Changing the culture
Right now, Sardella is working on taking the benefits framework available to U.S. employees — both family-friendly benefits and wellness, a passion project of hers — and expanding it to its other countries. “Because it has changed the company and the culture, now employees are asking for it; they’re craving it, which is the perfect situation because now we can deliver what they want instead of saying, ‘Here, you need this.’ So there’s a demand we’ve created. And now we’ll be able to deliver on it.”
Akamai’s wellness program pairs very well with its focus on work-life balance, Sardella says, especial- ly when it comes to shifting company culture. The program, which launched in 2014, includes everything from fitness challenges and wearables to financial wellbeing (free one-onone financial coaching and financial education classes), and free onsite meditation and yoga classes.
Since its wellness program began, the number of employees who say Akamai cares about their health shot up 37% (from 46% in 2014 to 83% in 2016), while, in the same time frame, those who said Akamai encourages them “to lead a healthy lifestyle” increased from 29% to 72%. Additionally, 73% of employees say Akamai Wellness has had a positive impact on company culture.
Sardella says that’s partly due to the creative and fun nature of certain activities — events like its recent zom- bie-themed run, for example.
“Things like wellness and caregiving benefits … that’s where we can get creative,” Sardella says. “Some of these things we have to do to be competitive in this space, and some of this we did because we want to make sure we are creating an environment that is fun and engaging and is supportive of people’s personal situations — making it easy to show up at work and do their best.”
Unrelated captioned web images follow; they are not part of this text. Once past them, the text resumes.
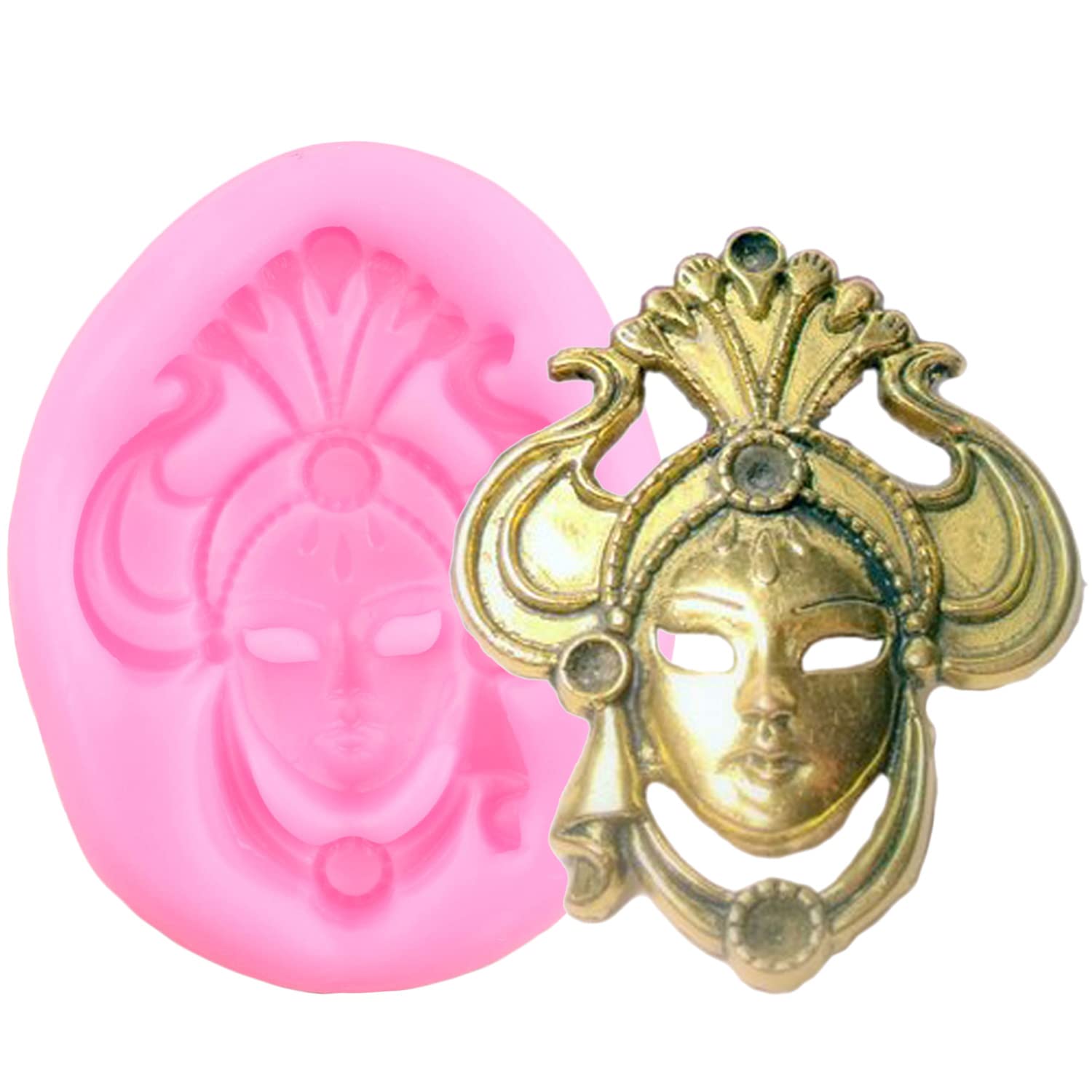 Zixiang Silicone Masquerade Mask Molds - Set of 4 for Cake Decorating, Fondant, Cupcake Toppers, Candy, Resin Clay, Chocolate & Gum Paste - Perfect for Halloween, Cosplay, and DIY Craft Projects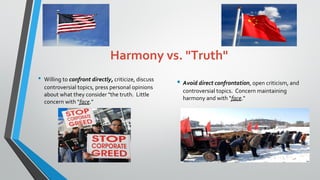 Harmony vs. "Truth"
• Willing to confront directly, criticize, discuss
controversial topics, press personal opinions
about what they consider "the truth. Little
concern with "face."
• Avoid direct confrontation, open criticism, and
controversial topics. Concern maintaining
harmony and with "face."
20
 
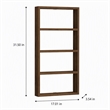 Pemberly Row Walnut Wall Shelf with Multiple Storage Levels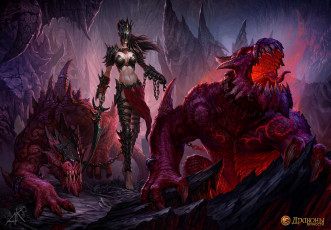 Картинка видео+игры драконы+вечности девушка воительница чудовища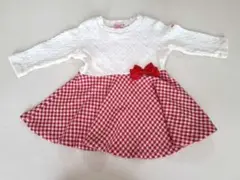 美品✴️【ホットビスケッツ】リボン付きワンピース80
Getting creative with messaging is also a big priority for Sardella. The nearly 20-year benefits veteran says she struggles with a nearly universal problem for benefits managers: Getting the message through to employees.
“At the end of the day, if you keep adding stuff, it’s just more stuff that people don’t understand,” she says. “It’s really about repeated messages over and over, and hitting them in different ways.”
That’s why Sardella launched and relies on monthly “Benefits Blasts,” emails that highlight a benefits offering and explain why it’s important and how employees can use it.
Whatever the project, Sardella says, putting employees first and making a real effort to make their lives better is what being a benefits manager is all about.
“Can we do certain things better? Of course,” she says. “But from a trend standpoint, our satisfaction ratings have gone up. When I look at what I’ve done at Akamai, I’m really proud of it, because I can see in that metric alone that people are happier than they were before. And being in the center of that has been really exciting.”